Well, I don't understand the last bit about OS scheduling, and you definitely want to keep the front end close to the L1 and L2 and the execution units. (The retire also needs to be close to the front end and L1.) As far as software scheduling I can't see vast changes, only improvements in making the OS more aware of the topology (especially in big+little hybrid cores).
One can add another layer of abstraction so that the OS only sees virtual cores and allows the CPU (with all its branch predictors, prefetchers, internal statistics, and awareness of shared data in the L3) make the decision how to match up the virtual cores to the physical cores. There are pros and cons; as long as there is a way to disable such a mode in the bios setup I'd be ok with it.
I agree with moinmoin and Vatilla that widening the core without going beyond SMT2 would cause under utilization of the core. I think they've already gone way beyond the low hanging fruit for branch prediction and prefetch and other bottlenecks; I think they are near the point where it's a choice refraining from widening the core, accepting low utilization, or going beyond SMT2. It wouldn't surprise me if % utilization is already on the low side despite all the progress made with the two tier branch prediction and pre-fetchers and the doubled op cache and wider re-order window.
3. You don’t *need* more threads because you widened the core, you may want wider decode/dispatch units and better prefetch and speculative execution to keep the execution units busy. [....]
AMD would be better off putting 3 CCXs on a die - there is no reticle limit with chiplets, there are just package size and power limits. More cores is the most efficient way to gain significant MT performance for now.
If there is no need to increase IPC nor efficiency, yes that would be a perfectly fine (and low cost) way to do it.
The problem is the market is demanding more IPC as well as lower wattage for mobile PC's (the biggest market) and server. So for servers and high end ULP laptops, just throwing more cores at it is often not a good solution. In fact, for ULP laptops you want to keep core count down to very reasonable number (for power consumption's sake). You might go on the high side for mobile core count if you are able to dynamically power down physical cores.
This ability to power down cores is something that SMT4 could enable for some consumer products like ULP mobile. If a hypothetical future AMD APU (with SMT4 capable cores) senses that it's been at the lowest p-state and with low utilization load for a while, it can power down half its cores and transition on the fly from SMT2 to SMT4 mode, and then power up cores again and transition back to SMT2 mode once it senses p-state increasing or higher utilization. (All the while it would appear just as an SMT2 processor to the consumer, eg 4c/8t.)
As for going SMT4, I think it will be the case for Zen 4. For Zen 3 my hope is that it's SMT2 plus background thread(s).

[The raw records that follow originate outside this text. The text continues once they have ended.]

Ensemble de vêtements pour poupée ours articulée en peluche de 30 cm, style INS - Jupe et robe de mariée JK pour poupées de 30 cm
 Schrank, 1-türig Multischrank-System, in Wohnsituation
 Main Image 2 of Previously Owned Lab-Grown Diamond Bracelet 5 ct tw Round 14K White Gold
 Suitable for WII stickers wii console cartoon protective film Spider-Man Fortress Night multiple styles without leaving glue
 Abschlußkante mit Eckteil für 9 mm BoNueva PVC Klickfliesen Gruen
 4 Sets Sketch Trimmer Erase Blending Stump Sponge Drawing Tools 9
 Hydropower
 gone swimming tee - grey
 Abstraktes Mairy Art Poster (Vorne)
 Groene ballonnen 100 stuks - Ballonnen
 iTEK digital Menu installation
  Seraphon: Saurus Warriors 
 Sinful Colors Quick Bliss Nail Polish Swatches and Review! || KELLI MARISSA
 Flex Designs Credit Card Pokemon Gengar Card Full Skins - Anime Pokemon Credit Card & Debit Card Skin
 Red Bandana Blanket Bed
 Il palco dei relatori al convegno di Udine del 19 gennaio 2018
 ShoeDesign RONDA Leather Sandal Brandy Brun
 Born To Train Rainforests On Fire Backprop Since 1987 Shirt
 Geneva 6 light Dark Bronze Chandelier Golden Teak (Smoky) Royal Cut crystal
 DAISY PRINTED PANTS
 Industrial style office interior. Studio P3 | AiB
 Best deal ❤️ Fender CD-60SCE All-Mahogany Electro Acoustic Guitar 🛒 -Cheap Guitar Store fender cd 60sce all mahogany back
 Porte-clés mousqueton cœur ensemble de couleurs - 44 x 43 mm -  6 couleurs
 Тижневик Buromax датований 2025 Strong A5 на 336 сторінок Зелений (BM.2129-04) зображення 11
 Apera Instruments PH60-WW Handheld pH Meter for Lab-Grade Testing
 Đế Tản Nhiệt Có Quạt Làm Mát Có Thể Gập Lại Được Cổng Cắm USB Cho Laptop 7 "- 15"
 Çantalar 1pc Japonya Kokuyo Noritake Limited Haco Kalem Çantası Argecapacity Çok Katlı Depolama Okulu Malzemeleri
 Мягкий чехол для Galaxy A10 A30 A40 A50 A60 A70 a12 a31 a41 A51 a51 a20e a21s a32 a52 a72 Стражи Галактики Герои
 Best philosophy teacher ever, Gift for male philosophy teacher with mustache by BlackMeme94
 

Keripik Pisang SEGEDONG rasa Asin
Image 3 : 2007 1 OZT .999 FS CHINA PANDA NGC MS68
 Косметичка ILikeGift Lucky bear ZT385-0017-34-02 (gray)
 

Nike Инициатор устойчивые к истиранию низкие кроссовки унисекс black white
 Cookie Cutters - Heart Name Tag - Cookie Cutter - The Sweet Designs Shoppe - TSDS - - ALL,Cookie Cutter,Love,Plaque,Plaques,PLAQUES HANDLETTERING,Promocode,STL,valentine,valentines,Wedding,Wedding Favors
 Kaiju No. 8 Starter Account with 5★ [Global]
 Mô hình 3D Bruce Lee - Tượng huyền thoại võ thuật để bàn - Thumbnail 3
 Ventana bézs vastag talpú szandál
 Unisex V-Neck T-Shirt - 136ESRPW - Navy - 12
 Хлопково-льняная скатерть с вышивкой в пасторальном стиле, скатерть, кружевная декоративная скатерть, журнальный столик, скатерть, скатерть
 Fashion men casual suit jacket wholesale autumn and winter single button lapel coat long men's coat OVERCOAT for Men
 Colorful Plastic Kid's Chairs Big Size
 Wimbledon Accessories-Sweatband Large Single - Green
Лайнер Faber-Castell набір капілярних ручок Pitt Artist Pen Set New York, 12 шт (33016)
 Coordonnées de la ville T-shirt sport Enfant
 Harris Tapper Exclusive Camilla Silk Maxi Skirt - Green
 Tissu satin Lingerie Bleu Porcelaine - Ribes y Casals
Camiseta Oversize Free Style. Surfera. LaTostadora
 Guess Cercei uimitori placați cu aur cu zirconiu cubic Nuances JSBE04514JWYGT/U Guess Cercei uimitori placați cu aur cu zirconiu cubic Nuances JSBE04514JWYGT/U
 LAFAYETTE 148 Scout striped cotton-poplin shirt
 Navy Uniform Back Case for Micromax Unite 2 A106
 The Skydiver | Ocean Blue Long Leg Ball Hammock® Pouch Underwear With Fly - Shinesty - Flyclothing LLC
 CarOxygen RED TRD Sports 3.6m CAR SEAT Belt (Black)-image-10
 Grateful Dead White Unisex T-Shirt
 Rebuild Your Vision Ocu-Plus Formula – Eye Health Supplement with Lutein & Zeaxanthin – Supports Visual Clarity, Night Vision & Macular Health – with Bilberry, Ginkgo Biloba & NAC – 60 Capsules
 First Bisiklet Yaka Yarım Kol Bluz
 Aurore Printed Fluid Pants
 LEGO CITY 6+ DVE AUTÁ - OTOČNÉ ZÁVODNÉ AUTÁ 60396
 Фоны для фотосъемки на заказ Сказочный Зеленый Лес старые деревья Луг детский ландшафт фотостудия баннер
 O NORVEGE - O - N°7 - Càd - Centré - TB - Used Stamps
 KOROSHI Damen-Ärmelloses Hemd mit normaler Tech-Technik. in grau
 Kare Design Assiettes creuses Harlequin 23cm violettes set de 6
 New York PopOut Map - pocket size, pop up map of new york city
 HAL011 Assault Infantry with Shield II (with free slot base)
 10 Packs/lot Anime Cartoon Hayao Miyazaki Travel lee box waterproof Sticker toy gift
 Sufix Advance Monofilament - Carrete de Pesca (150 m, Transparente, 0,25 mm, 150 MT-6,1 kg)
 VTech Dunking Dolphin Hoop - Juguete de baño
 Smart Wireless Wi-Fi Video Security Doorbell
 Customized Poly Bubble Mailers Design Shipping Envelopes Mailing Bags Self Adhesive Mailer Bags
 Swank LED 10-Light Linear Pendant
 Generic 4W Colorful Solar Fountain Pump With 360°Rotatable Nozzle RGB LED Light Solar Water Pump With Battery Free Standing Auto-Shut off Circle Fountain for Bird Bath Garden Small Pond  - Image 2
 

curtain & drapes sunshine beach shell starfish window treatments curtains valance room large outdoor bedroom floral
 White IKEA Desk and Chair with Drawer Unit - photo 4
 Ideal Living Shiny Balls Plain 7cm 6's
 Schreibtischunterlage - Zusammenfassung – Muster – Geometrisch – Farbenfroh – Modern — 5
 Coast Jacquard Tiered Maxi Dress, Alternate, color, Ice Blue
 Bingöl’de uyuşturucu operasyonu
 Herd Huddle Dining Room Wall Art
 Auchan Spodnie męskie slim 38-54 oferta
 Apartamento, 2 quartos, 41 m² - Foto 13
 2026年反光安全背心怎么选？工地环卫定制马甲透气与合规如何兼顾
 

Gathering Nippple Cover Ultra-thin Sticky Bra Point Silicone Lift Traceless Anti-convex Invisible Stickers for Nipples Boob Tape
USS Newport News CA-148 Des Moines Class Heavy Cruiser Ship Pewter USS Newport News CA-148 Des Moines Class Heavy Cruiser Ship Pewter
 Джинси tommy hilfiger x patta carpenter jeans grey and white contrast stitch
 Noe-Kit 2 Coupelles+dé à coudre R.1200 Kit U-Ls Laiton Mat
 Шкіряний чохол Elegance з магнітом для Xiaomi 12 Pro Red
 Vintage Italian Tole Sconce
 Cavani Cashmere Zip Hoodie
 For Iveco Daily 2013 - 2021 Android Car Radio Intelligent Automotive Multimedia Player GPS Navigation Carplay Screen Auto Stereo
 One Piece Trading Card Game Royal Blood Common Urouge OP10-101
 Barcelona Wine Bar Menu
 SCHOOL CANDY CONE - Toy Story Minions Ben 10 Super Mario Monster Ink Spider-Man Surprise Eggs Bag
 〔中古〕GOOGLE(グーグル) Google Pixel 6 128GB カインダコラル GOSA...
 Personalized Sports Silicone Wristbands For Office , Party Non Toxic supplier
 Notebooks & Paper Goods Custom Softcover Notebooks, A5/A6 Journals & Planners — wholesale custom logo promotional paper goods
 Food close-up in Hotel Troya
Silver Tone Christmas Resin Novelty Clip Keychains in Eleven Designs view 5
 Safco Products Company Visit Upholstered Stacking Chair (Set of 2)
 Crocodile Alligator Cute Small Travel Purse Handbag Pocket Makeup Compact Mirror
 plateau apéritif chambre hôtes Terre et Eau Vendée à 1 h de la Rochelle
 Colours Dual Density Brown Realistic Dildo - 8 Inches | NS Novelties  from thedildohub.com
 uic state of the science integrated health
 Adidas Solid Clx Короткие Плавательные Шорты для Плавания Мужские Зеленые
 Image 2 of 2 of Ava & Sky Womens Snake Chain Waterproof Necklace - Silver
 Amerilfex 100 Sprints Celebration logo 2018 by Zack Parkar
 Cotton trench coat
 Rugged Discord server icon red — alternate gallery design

These hypothetical background threads would have their own dispatch and primitive scheduler without register renaming (which makes them simple and very close to an in-order execution core). Minimal (if any) L1 and L2 prefetch. No speculative execution which eliminates the need for branch prediction and checkpoints. Because they now pause at branches, a pair of background threads (4-way MT) is far better than a single background thread (3-way MT).
The background thread instructions enter the µop queue just like all instructions. They're dispatched from the front end, in order, to the µop queue and then to the scheduling pool. From this point they're treated just like SMT threads in the pipeline, so I'll just quote it right out of the textbook: In the scheduling pool the instruction is checked by the scheduler against the Ready flags in the register file (PRF), and when all the operands are ready, the scheduler forwards the instruction to an available execution unit.
The only minor difference is that "available" for background threads is redefined for background threads. Read AGU instructions are shared democratically, writes get prioritized to main threads (except on say, every fourth clock), and ALUs get prioritized to main threads (except for a very high timeout value, like every 32nd clock).
Having a pair of such background threads doesn't impact (significantly) the SMT2 performance; but it does improve the % utilization and the MT and the perf/watt. You get a pair of low IPC threads (think pentirum 4 class) that hack certain loads very well: FPU and latency intensive (eg waiting on RAM or HDD) threads--- remember that under such loads, even big cores have low IPC, because waiting doesn't improve all that much when you make a core larger.
The software side to make use of most these capabilities are terribly simple. The OS simply sets the core affinity for any processes that don't have positive nice values to the main logical cores. So for example in our hypothetical 4c/16t APU, cores 0-7 are SMT2 threads, and 8-15 background threads, all non-niced tasked default to core affinity 0-7 by default. Niced value of 19 are taskset automatically to background threads (8-15 affinity). The remaining tasks (with positive nice values, would have no affinity and jump all over to any free logical core).
The next level of software sophistication would be only slightly more complex and improve performance for niced values 1-18 under low load conditions. Next level of hardware sophistication would be for ability for a background thread to swap places with an SMT thread when it is known the SMT thread is either idle or stalled for some time (until load resumes on the real SMT thread).